* WHAT THIS TASK INVOLVES *
What you produce should be every line from the data that includes "Open".

════════════════════

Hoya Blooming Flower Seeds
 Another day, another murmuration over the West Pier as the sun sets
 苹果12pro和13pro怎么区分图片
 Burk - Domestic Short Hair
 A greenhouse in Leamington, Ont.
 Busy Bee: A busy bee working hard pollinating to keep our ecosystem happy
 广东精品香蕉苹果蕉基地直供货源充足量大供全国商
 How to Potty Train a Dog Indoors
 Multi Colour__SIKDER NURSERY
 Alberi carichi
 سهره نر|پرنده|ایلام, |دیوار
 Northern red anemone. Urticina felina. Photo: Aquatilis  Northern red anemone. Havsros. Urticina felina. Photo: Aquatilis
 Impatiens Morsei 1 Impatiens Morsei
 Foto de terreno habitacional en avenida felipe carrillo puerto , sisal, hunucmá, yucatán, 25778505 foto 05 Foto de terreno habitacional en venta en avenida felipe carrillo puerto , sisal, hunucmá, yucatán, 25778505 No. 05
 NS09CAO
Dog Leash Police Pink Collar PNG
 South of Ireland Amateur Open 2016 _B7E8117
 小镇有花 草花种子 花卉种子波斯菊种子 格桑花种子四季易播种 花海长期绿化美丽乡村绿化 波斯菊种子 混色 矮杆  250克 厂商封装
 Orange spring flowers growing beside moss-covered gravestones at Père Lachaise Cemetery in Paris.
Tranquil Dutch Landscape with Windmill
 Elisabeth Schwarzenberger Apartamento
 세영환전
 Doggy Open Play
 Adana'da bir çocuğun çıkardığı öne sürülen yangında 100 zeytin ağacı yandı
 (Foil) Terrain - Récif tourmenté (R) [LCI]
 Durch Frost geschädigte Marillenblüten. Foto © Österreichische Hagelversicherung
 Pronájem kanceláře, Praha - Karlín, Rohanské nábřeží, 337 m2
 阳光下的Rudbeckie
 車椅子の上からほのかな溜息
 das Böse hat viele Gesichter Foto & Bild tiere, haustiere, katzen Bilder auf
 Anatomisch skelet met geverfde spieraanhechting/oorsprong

════════════════════

* TASK RESULT *
 South of Ireland Amateur Open 2016 _B7E8117
 Doggy Open Play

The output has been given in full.